## Chapter 4 Ex.4.5 Question 1

Draw the following:

1. A square \(READ\) with \(RE = 5.1\,\rm{cm.}\)

2. A rhombus whose diagonals are \(5.2\,\rm{cm}\) and \(6.4\,\rm{cm}\) long.

3. A rectangle with adjacent sides of lengths \(5\,\rm{cm}\) and \(4\,\rm{cm.}\)

4. A parallelogram \(OKAY\) where \(OK = 5.5\,\rm{cm} \) and \(KA = 4.2\,\rm{cm.}\) Is it unique?

**What is the known?**

Diagonals of a Rhombus.

**What is unknown?**

Construction of a Rhombus

**Reasoning: **

We need five measurements to draw a unique quadrilateral.

But we also know that diagonals of rhombus bisect each other at right angles and all sides of rhombus are equal.
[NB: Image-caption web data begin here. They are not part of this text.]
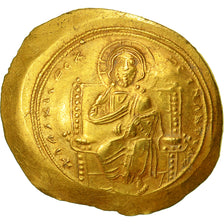 Coin, Constantine X, Histamenon Nomisma, Constantinople, AU(55-58), Gold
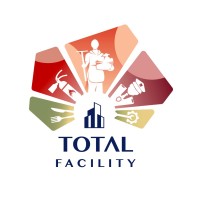 Total Facility logo - Similar company to Multi Cleaning System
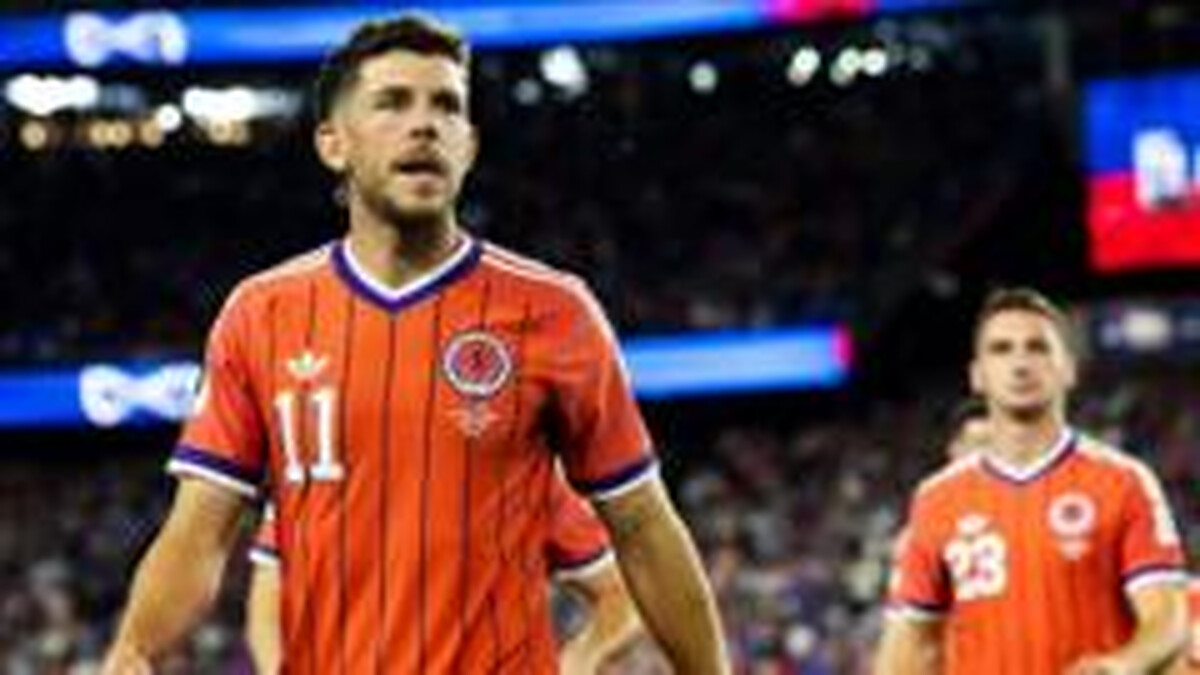 'Gutted' Christie 'desperate' to help Scotland to more finals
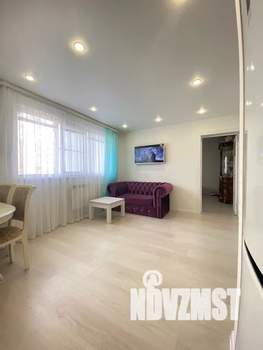 2-к квартира, посуточно, 80м2, 5/12 этаж
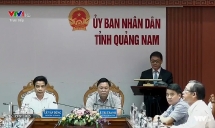 Chủ tịch Thaco Trần Bá Dương đề xuất gì với Thủ tướng?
We can use this information to construct the rhombus.

**Steps:**

**Step 1:** Draw a line segment \(AB=6.4\,\rm{cm.}\)

**Step 2:** Draw perpendicular bisector of \(AB\) meeting \(AB\) at \(O.\)
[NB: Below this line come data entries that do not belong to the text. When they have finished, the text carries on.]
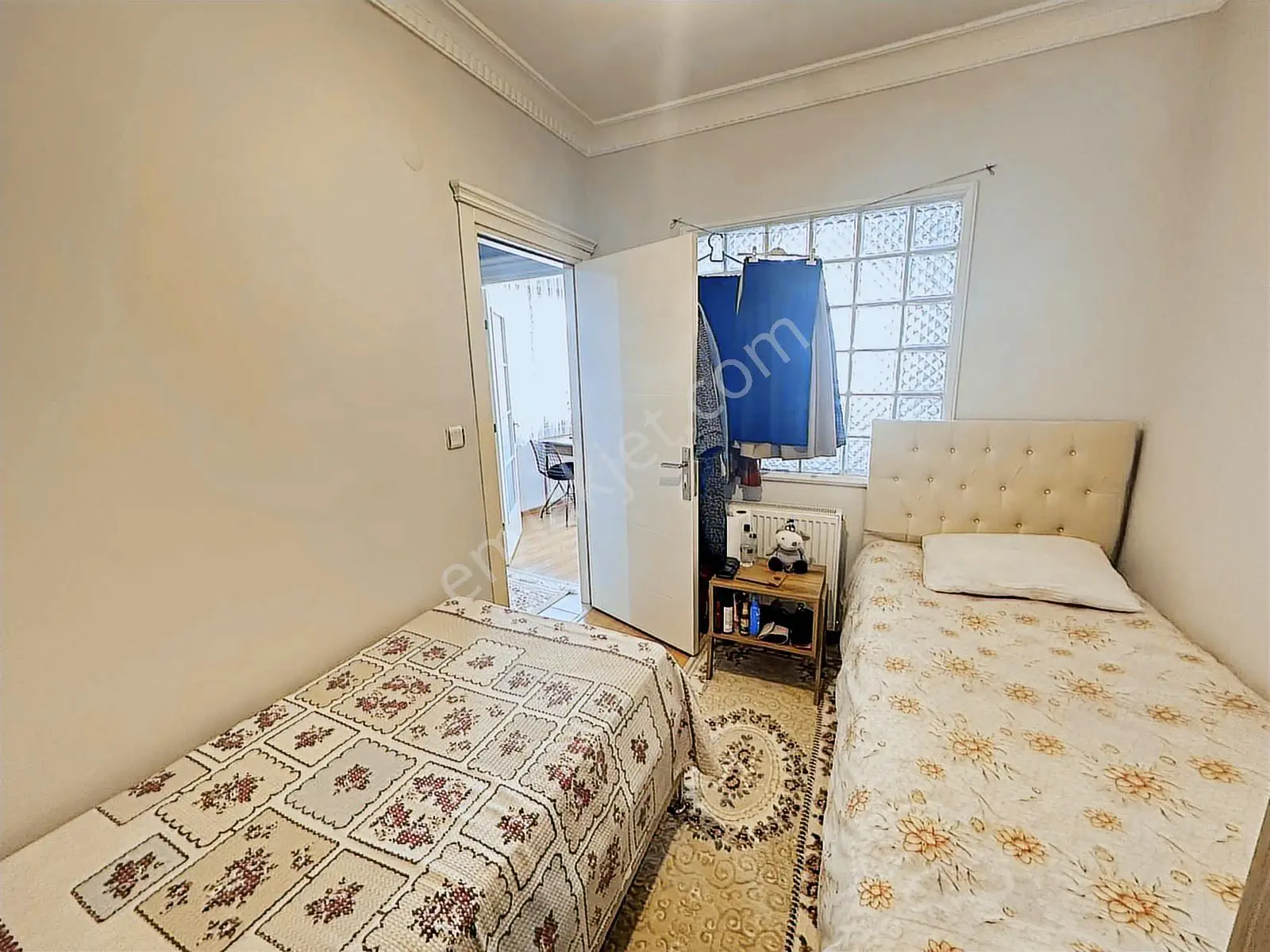 Tamamına Kredili+eminevm Uyg+33.000 Kiracılı+araç Takas+mülkiyet — fotoğraf 32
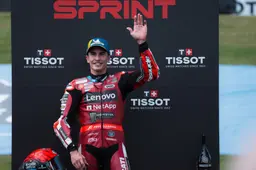 Marquez and Ducati need to bounce back in the champion's backyard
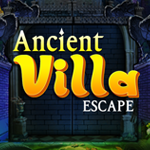 PG Ancient Villa Escape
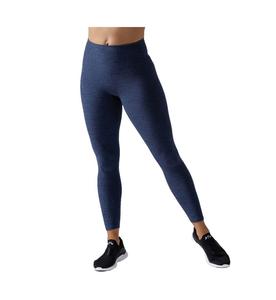 Женские леггинсы Cloud 7/8 Tavi, Navy space dye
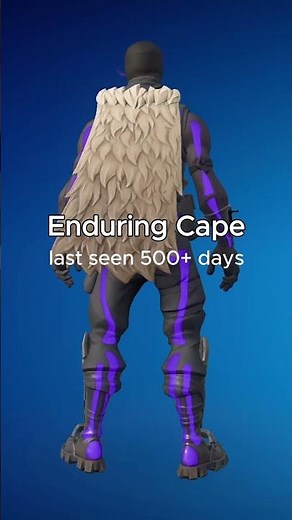Top 3 MOST Rare Backblings In Fortnite..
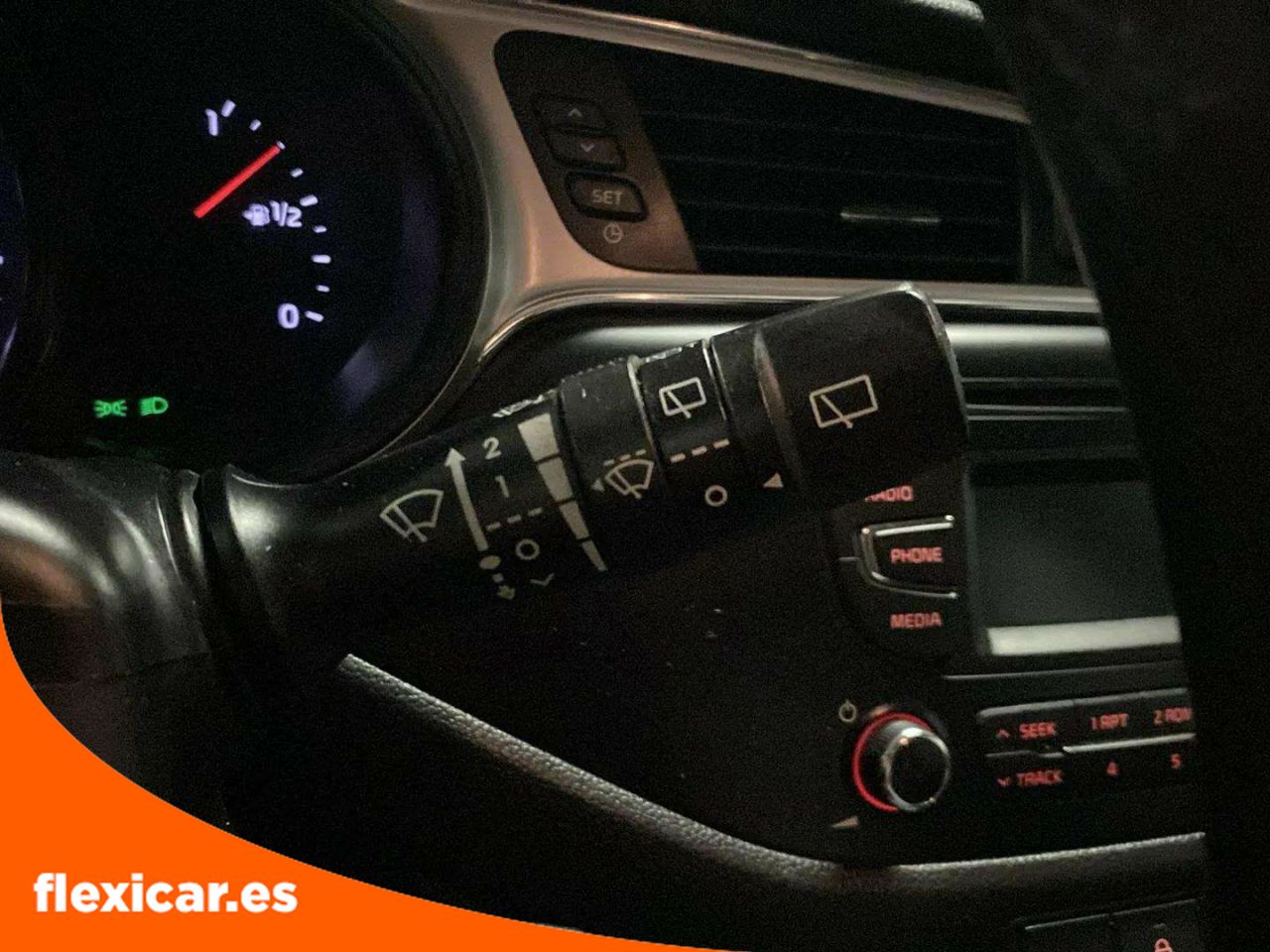 Foto Kia Ceed 16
**Step 3:** \(5.2\,\rm{cm}\) divided by \(2 = 2.6 \,\rm{cm.}\) Measure \(2.6\,\rm{cm}\) from \(O\) on either side of \(AB\) on perpendicular bisector and mark them as \(C\) and \(D.\)

**Step 4:** Join \(AC, AD, BC\) and \(BD.\)

**Step 5:** \(ABCD\) is the required rhombus.

**Related Problems:**

(1) The square \(READ\) with \(RE=5.1\,\rm{cm}\)

**Hint:** All sides of square are equal, and angles are at right angles.

(2) A rectangle with adjacent sides of lengths \(5\,\rm{cm}\) and \(4\,\rm{cm.}\)

**Hint:** Opposite sides of rectangle are equal and parallel, and angles are at right angles.

(3) A parallelogram \(OKAY\) where \(OK=5.5\,\rm{cm}\) and \(KA=4.2\,\rm{cm.}\)

**Hint:** Opposite sides of a parallelogram are parallel and equal. Using this information, parallelogram can be constructed with a convenient angle.